1) The terms "employee welfare benefit plan" and "welfare plan" mean any plan, fund, or program which was heretofore or is hereafter established or maintained by an employer or by an employee organization, or by both, to the extent that such plan, fund, or program was established or is maintained for the purpose of providing for its participants or their beneficiaries, through the purchase of insurance or otherwise, (A) medical, surgical, or hospital care or benefits, or benefits in the event of sickness, accident, disability, death or unemployment, or vacation benefits, apprenticeship or other training programs, or day care centers, scholarship funds, or prepaid legal services, or (B) any benefit described in section 186 of this title (other than pensions on retirement or death, and insurance to provide such pensions).
29 U.S.C. § 1102(a).

Plaintiff's state law claim for wrongful denial of benefits squarely falls within section 1132(a)(1)(B) of ERISA as a claim seeking to enforce rights under the terms of the plan and is completely pre-empted pursuant to Metropolitan Life if the long-term disability policy is an ERISA "employee welfare benefit plan." See Metro. Life, 481 U.S. at 65-67 (holding that claim for wrongful denial of benefits fell was enforceable under section 1132(a)(1)(B) and was thus completely pre-empted by ERISA). The Sixth Circuit has extended the principle of Metropolitan Life to state law claims for breach of fiduciary duty, finding that these claims are also completely pre-empted. Smith v. Provident Bank, 170 F.3d 609, 613-14 (6th Cir. 1999) (converting state law fiduciary duty claim into an ERISA claim under section 1132(a)(2)).

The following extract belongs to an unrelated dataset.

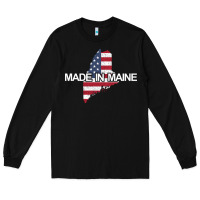 Black made in maine american flag funny patriotic state lover gift Long Sleeve Tee - linhVisuals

The Sixth Circuit developed a three-part test to determine whether a plan is considered an ERISA welfare benefit plan.

First, the court must apply the so-called safe harbor regulations established by the Department of Labor ["DOL"] to determine whether the program was exempt from ERISA. Second, the court must look to see if there was a plan by inquiring whether from the surrounding circumstances a reasonable person [could] ascertain the intended benefits, the class of beneficiaries, the source of financing, and procedures for receiving benefits. Finally, the court must ask whether the employer established or maintained the plan with the intent of providing benefits to its employees.
Thompson v. Am. Home Assurance Co., 95 F.3d 429, 434-35 (6th Cir. 1996) (internal citations and quotations omitted). The DOL safe harbor exemptions that must be analyzed for the first prong of the Thompson test provide that an employee insurance policy is excluded from ERISA if:

(1) No contributions are made by an employer . . .

(2) Participation in the program is completely voluntary for employees . . .
(3) The sole functions of the employer . . . with respect to the program are, without endorsing the program, to permit the insurer to publicize the program to employees . . ., to collect premiums through payroll deductions . . . [,] and to remit them to the insurer; and
(4) The employer . . . receives no consideration in the form of cash or otherwise in connection with the program, other than reasonable compensation, excluding any profit, for administrative services actually rendered in connection with payroll deductions. . . .

29 C.F.R. § 25120.3-1 (j) (2005). In order for the plan to be exempt under the regulations, all four criteria must be satisfied. The defendant does not contest that criteria one, two, and four are met and, instead, focuses its argument on criteria three, whether Sylvania endorsed the long-term disability plan. Accordingly, the Court will focus its analysis on endorsement.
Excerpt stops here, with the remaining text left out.